Wednesday, July 24, 2013

Book Review: The Weight Loss Club by Devapriya Roy

On the jacket:



A warm, witty, gloriously realistic novel about living, loving and losing weight. 

Set in a middle-class housing colony, this is the story of stay-at-home mum Monalisa, who cannot clean the kitchen counter enough times; Meera, who is bullied constantly by her traditional mother-in-law; college-going Abeer, who isnt sure how to impress the glamorous Mandy; academic Aparajita, who has no takers on the marriage mart; philosopher Ananda, whom no one takes seriously; and Treeza, a former school secretary now sunk in gloom. Into their midst arrives Oxford-returned Sandhya: half hippie, half saadhvi, full spiritual guru. Under her aegis is formed The Weight Loss Club, throwing the lives of our heroes and heroines into utter and delightful disarray. 

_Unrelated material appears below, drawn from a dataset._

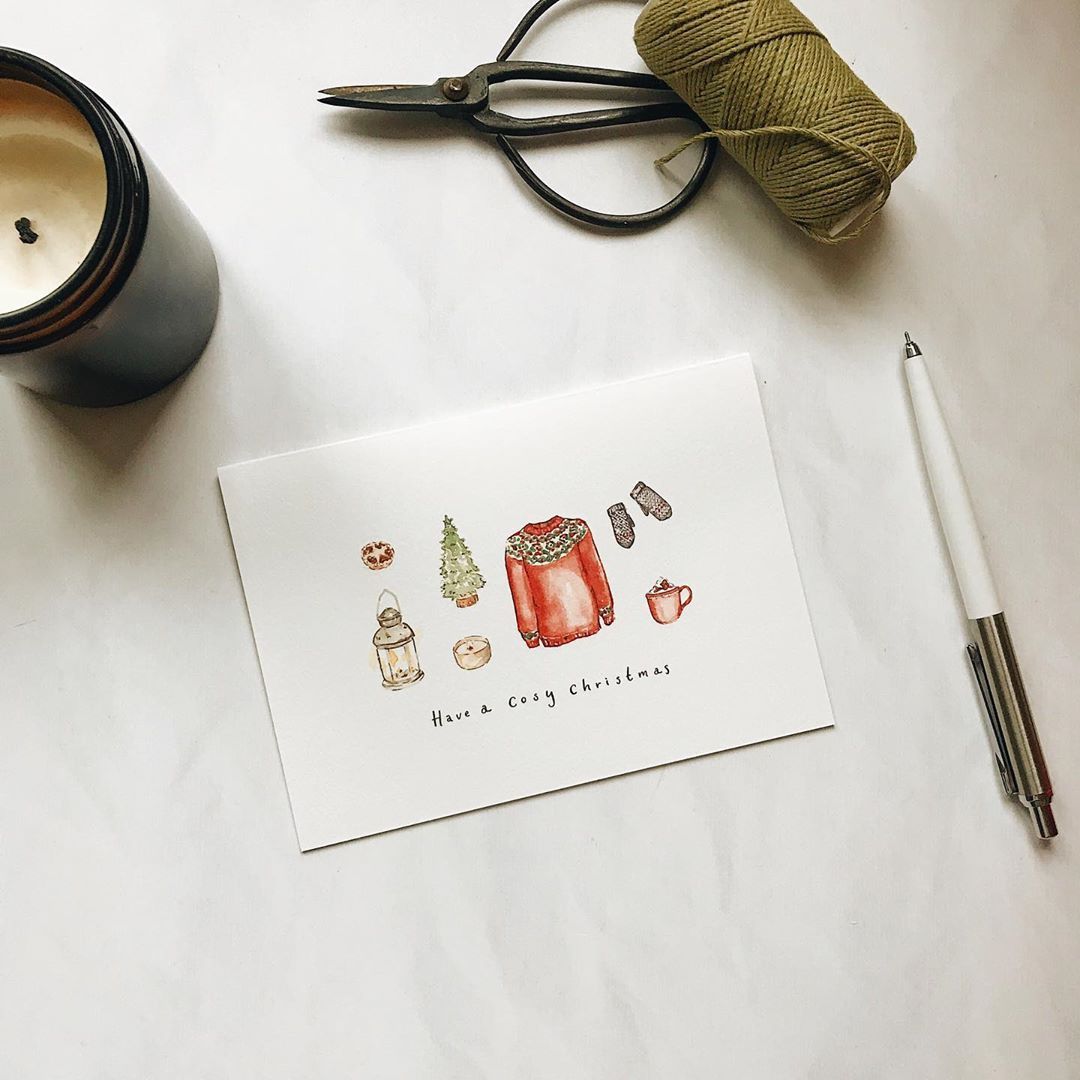 Annie Brougham - Cosy Christmas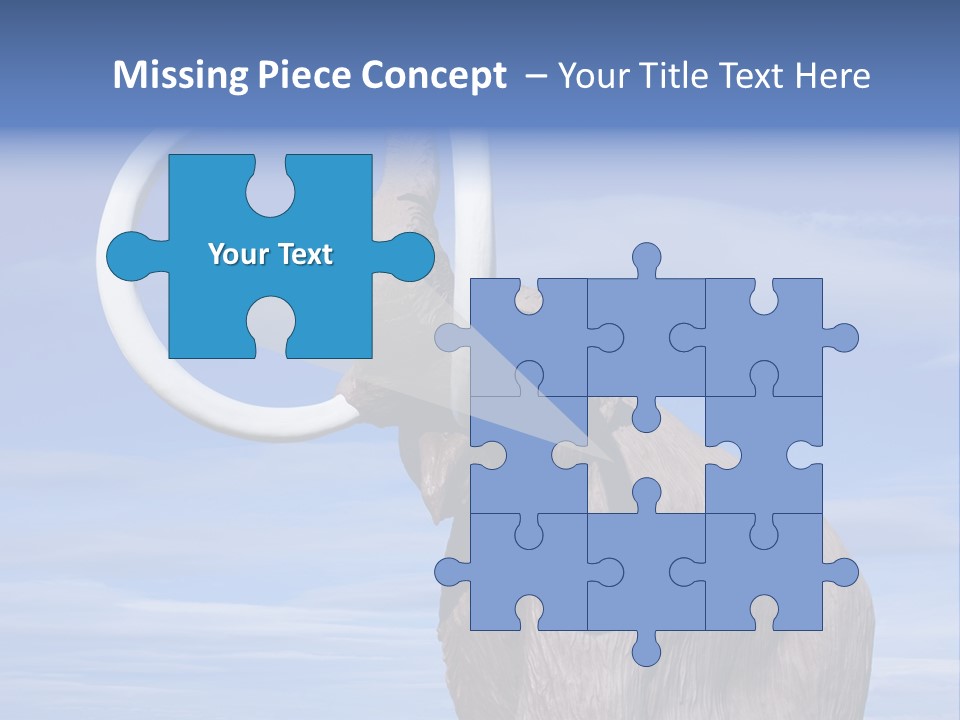 Scary Vertebrate Creature PowerPoint Template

But while chemistry brews and equations change, one question remains: who is Brahmacharini Sandhya, and why on earth has she moved into Nancy Housing Cooperative?

Review:

The Weight Loss Club is not really what you might guess from it's cover and title. Well, it wasn't what I guessed! I had imagined the plot to be about a club which will be formed by fat society aunties and the book will talk about their experiences, funny incidents etc. No. I was wrong. There was not even a mention of a weight loss club till page 172, and by then I was confused, annoyed and unsure if I should continue reading the book. 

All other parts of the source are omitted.